Il y a deux ans que je paye habituellement les tributs que la vieillesse doit à la nature. L’asthme était mon incommodité dominante et familière ; mais un régime austère et une plante que j’ignore et dont je n’use plus, mais dont j’ai heureusement une bonne provision, en ont fait disparaître tous les symptômes à la fin de l’été. Ma santé est donc aussi bonne que je pouvais le souhaiter ; mais ma petite fortune et mes affaires sont dans le plus grand dérangement. J’ai payé trois années, de six cents livres chacune, pour remplir les engagements que j’avais pris pour le mariage de ma fille.

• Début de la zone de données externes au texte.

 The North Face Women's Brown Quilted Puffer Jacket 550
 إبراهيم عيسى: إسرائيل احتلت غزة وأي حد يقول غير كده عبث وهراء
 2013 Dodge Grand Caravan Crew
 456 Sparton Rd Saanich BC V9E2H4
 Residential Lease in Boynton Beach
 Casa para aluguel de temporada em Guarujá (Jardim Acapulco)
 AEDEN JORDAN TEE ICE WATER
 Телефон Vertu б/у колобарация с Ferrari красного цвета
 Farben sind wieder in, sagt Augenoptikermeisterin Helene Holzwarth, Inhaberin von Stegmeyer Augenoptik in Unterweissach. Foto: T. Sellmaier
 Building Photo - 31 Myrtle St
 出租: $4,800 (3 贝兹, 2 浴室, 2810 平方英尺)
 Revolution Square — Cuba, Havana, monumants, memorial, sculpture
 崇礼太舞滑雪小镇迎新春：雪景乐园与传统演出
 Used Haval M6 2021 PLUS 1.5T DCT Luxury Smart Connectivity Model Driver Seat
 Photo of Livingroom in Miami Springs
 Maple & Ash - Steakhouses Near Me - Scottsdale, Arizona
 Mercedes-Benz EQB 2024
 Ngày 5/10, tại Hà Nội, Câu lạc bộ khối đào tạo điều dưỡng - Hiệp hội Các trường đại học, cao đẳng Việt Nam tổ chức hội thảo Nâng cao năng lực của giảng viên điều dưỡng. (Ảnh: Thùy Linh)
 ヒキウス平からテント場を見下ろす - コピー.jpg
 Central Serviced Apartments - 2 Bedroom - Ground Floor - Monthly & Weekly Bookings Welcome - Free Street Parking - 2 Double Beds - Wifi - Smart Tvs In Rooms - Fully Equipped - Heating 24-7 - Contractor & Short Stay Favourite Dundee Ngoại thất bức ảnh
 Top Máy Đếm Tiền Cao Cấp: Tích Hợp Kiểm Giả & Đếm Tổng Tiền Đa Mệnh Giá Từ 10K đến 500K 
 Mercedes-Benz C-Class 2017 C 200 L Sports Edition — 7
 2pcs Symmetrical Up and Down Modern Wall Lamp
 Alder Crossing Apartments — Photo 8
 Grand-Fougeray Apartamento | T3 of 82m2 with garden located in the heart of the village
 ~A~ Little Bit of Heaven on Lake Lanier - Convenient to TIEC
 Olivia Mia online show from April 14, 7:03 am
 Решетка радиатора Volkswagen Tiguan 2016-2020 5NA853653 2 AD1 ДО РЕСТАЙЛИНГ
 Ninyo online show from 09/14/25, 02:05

Voici mes revenus : douze cents livres du roi de Prusse, dont il ne me reste que mille livres, les deux cents livres payant tous les papiers littéraires dont je lève mes extraits, payant aussi des copies dee pièces et autres ouvrages qu’il faut y joindre. Ces mille livres du roi de Prusse, avec deux mille six cents livres viagères sur l’Hôtel de Ville, et quatre cents livres par an sur M. le comte de Lauraguais, me donnaient l’espérance de me tirer d’affaire, en payant même mon engagement, de six cents livres. Mais une nouvelle charge perpétuelle m’est survenue, par la nécessite de prendre une seconde femme pour me servir et me secourir dans mes infirmités.

Vous me fîtes l’amitié de m’écrire, au commencement de 1766, lorsque je vous demandais d’être inscrit sur la feuille de vos bienfaits, que j’avais attendu trop tard, que j’en serais puni, que j’attendrais ; qu’il aurait fallu vous parler de mon grenier dans le temps de la moisson ; que tout le monde avait glané, hors moi, parce que je ne m’étais pas présenté. Vous me promettiez de réparer ma négligence ; vous ajoutiez, de la manière la plus agréable et la plus consolante, que vous m’aimiez comme on aime dans la jeunesse.

Cela m’a rappelé avec quelle vivacité vous entreprîtes et vous poursuivîtes, sur la fin de la régence, de faire mettre sur ma tête la moitié de votre pension, et comme, par vos instances, M. le duc de Melun s’intéressa au succès de ce projet, sous le ministère de monsieur le Duc. Mais les tristes événements qui se succédèrent coup sur coup renversèrent une si rare marque d’amitié et de bienfaisance, dont la Gazette de Hollande fit une mention particulière. C’est ce qui m’a toujours encouragé de vous dire, s’il en était besoin, comme Horace le dit à Mécène en lui rappelant ses bienfaits : Nec, si plura velim, tu dure deneges ; et c’est ce qui me faisait dire dernièrement à table, chez monsieur le lieutenant civil, qu’il n’y avait que M. de Voltaire à qui je pusse demander avec plaisir, et de qui je pusse recevoir de même.

Je ne vous écrirai point de nouvelles de littérature, parce que je suis trop plein de petits chagrins domestiques.

Thieriot.

  1. Horace, livre III, ode xvi, vers 38.
  2. Id., livre I, épître ix, vers 11.